(This is the first part of the review of John Wells’ August Osage County, starring Meryl Streep, Julia Roberts, Margo Martindale, Chris Cooper, Julianne Nicholson, Juliette Lewis, Ewan McGregor, Abigail Breslin, Dermot Mulroney, Misty Upham, Sam Shepard, Benedict Cumberbatch and “catfish”. Part 2 to be uploaded soon)
August: Osage County, ripe in contemporary kitchen-sink melodrama in the style and flavor of an out-and-out explosive Tennessee Williams work (all vintage movie lovers, I urge all you to catch Elia Kazan’s film A Streetcar Named Desire) deserved a David O Russell down-and-dirty hard-edged treatment bundled with Robert Altman’s spontaneity and Paul Thomas Anderson’s virtuosic vision. Instead fertilized by a less-known John Wells, primarily known for his role as an executive producer in television series ER, The West Wing and Shameless (he’s just got directorial credits for one film called The Company Men, scoring a decent 67% on Rotten Tomatoes), the cinematic adaptation of Tracy Letts’ Pulitzer-Prize Winning play (hence the film could boast of winning an ‘award’ already before it’d won one) lacks a language and voice to hold its own in a year resounding with masterful efforts like Scorsese’s The Wolf of Wall Street, Russell’s The American Hustle, Greengrass’ Captain Phillips, Farhadi’s The Past, Cuaron’s Gravity, Coen Brothers’ Inside Llewyn Davis, Jonze’s Her etc. Little films need to pogo big to register a spot in the massively crowded movie market, and I can think of at least three titles on the fly whose strengths haven’t been tasered by limited finance – Harmony Korine’s Spring Breakers, Sean Durkin’s Martha May Marcy Marlene, and Paddy Considine’s Tyrannosaur. Osage County, unlike these films, puts on a less-than stellar show under Wells solemn, courtierly, risk-free treatment. With all the luminous and sometimes breathtaking display of acting from an assorted bunch of talents, how did this movie end up? Well, plain. Or, in Violet’s own words: Ehhhhh!

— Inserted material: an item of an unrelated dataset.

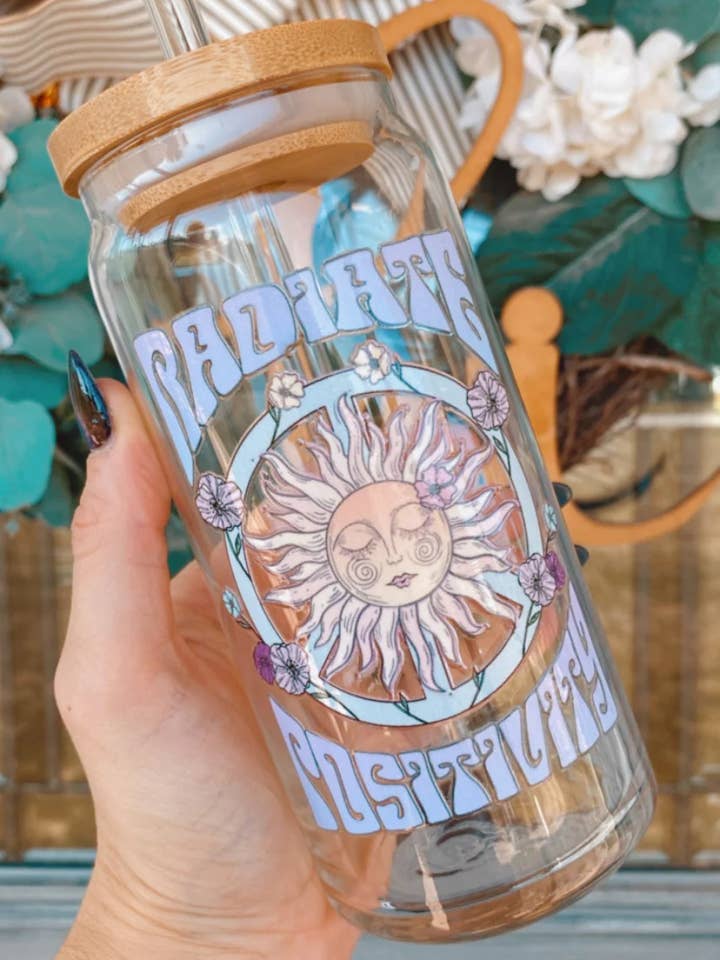 20 oz Glass Can - Radiate Positivity Cup, Libbey Glass for wholesale by Laila M and Co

Let’s analyze why this picture came to be. George Clooney and Harvey Weinstein are two of its producers; Clooney’s done The Descendants, which also dealt with aftermath of someone’s death (not technically death but coma and eventual demise) while Weinstein hoped for a winning prestige production. The latter’s deified trump card Meryl snagged another meaty role (rare for women, as she repeatedly asserts). Julia Roberts flushed in excitement on announcing she’s working with Streep. The rest, from McGregor (Amazing to watch Streep at work) to Breslin (I was just so like excited, and like, scared, and like…), were keen to work with these two premier ladies. Tracy Letts’ play was chosen for its popular and honored reputation. John Wells was chosen so he could be bossed around by Streep’s demand for acting liberties and Weinstein’s demand for cuts. Shooting took place over a short time span of three-four weeks, and subsequent test screenings led to much editing and revisions. And as the awards reveal, almost every single nomination is for the acting category, either for Streep or Roberts or the ensemble. In a few months, unless Newt Gingrich turns out right (he tweeted ‘August: Osage County is a brilliant film… you will never forget it), most audiences will talk about the good stuff like Hustle and Wall Street and ‘that Meryl Streep’ performance.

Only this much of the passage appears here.